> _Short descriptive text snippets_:
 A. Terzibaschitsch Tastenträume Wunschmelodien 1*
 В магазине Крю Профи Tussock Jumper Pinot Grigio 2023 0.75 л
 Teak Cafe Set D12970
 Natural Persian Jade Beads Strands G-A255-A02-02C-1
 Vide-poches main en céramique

...

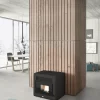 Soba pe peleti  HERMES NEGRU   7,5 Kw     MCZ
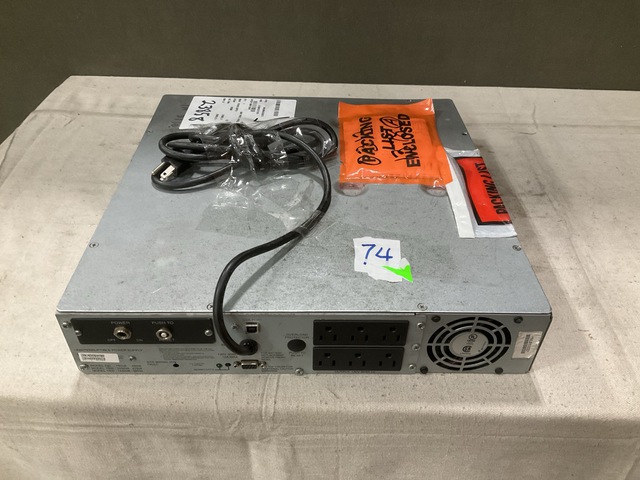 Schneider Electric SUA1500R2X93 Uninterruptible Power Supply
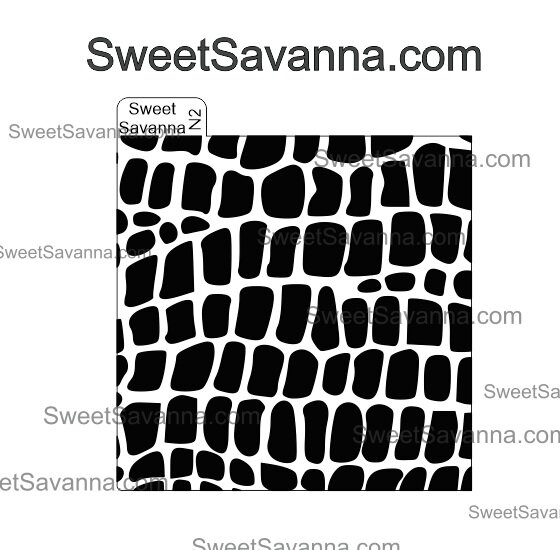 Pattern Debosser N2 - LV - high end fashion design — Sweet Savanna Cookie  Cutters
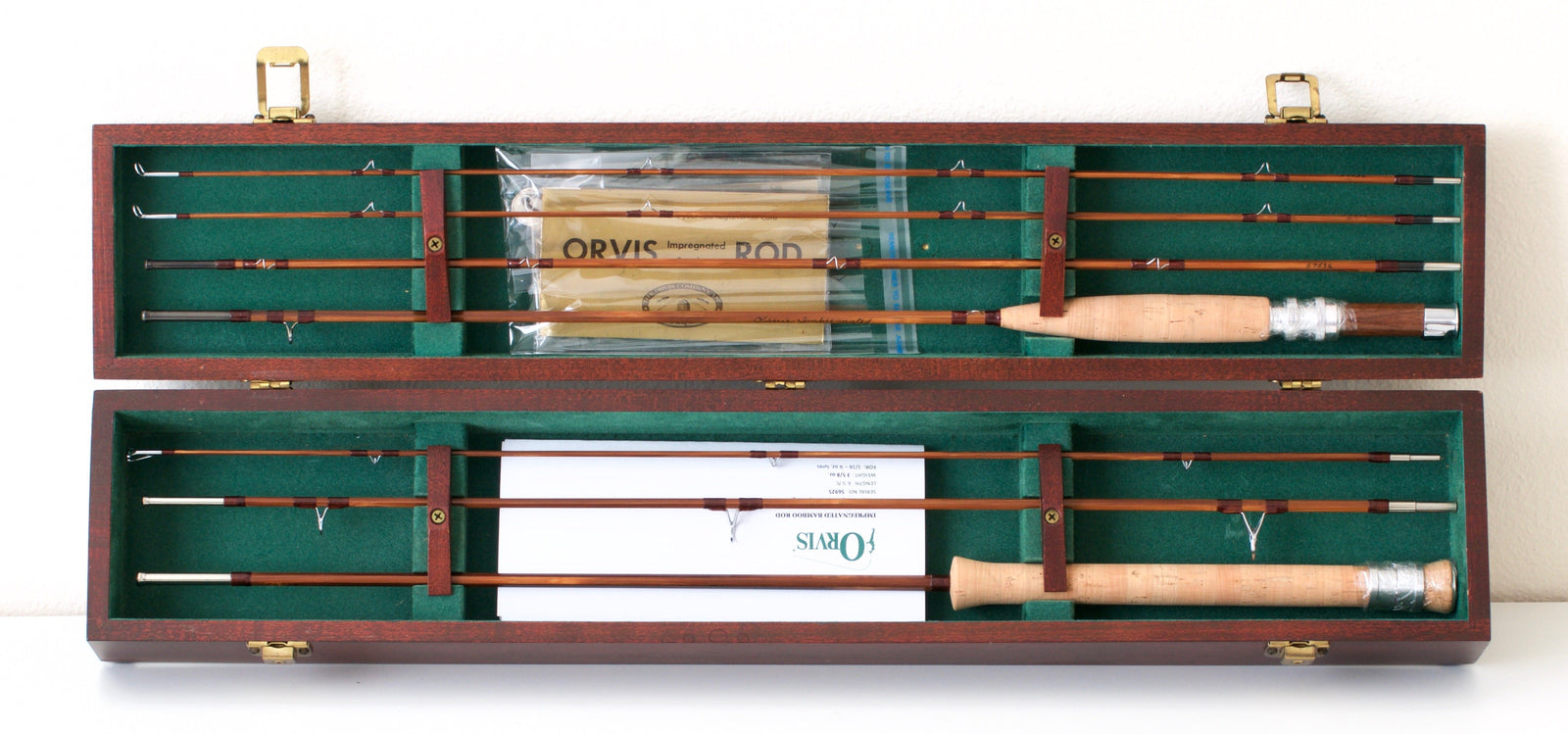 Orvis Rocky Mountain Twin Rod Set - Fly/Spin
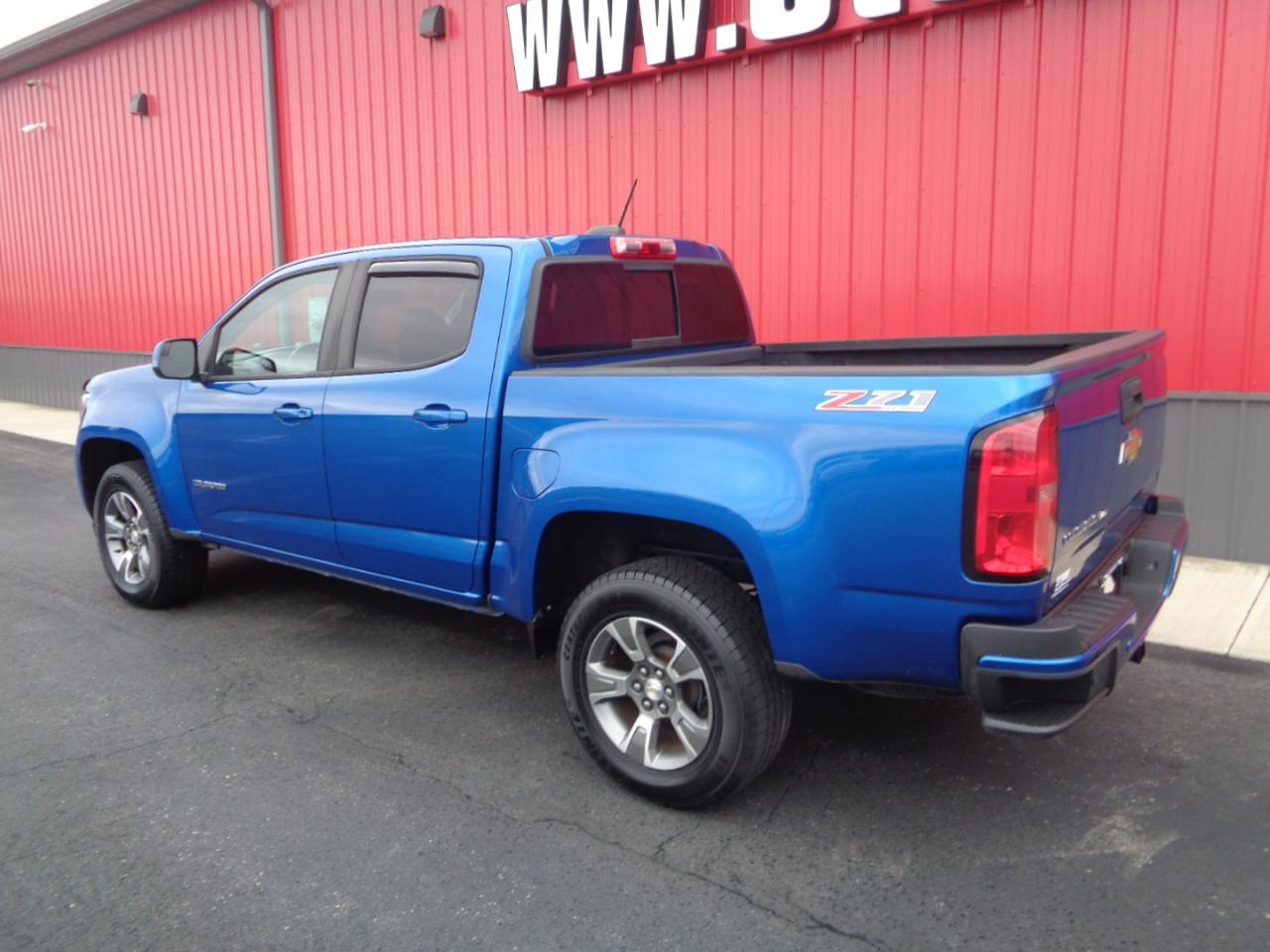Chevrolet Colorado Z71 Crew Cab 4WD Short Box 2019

> _WHAT TO PRODUCE_:
Of the lines above, output exactly those from the line bearing "Teak Cafe Set D12970" through the line bearing "Vide-poches main en céramique", inclusive.

> _EXERCISE RESPONSE_:
 Teak Cafe Set D12970
 Natural Persian Jade Beads Strands G-A255-A02-02C-1
 Vide-poches main en céramique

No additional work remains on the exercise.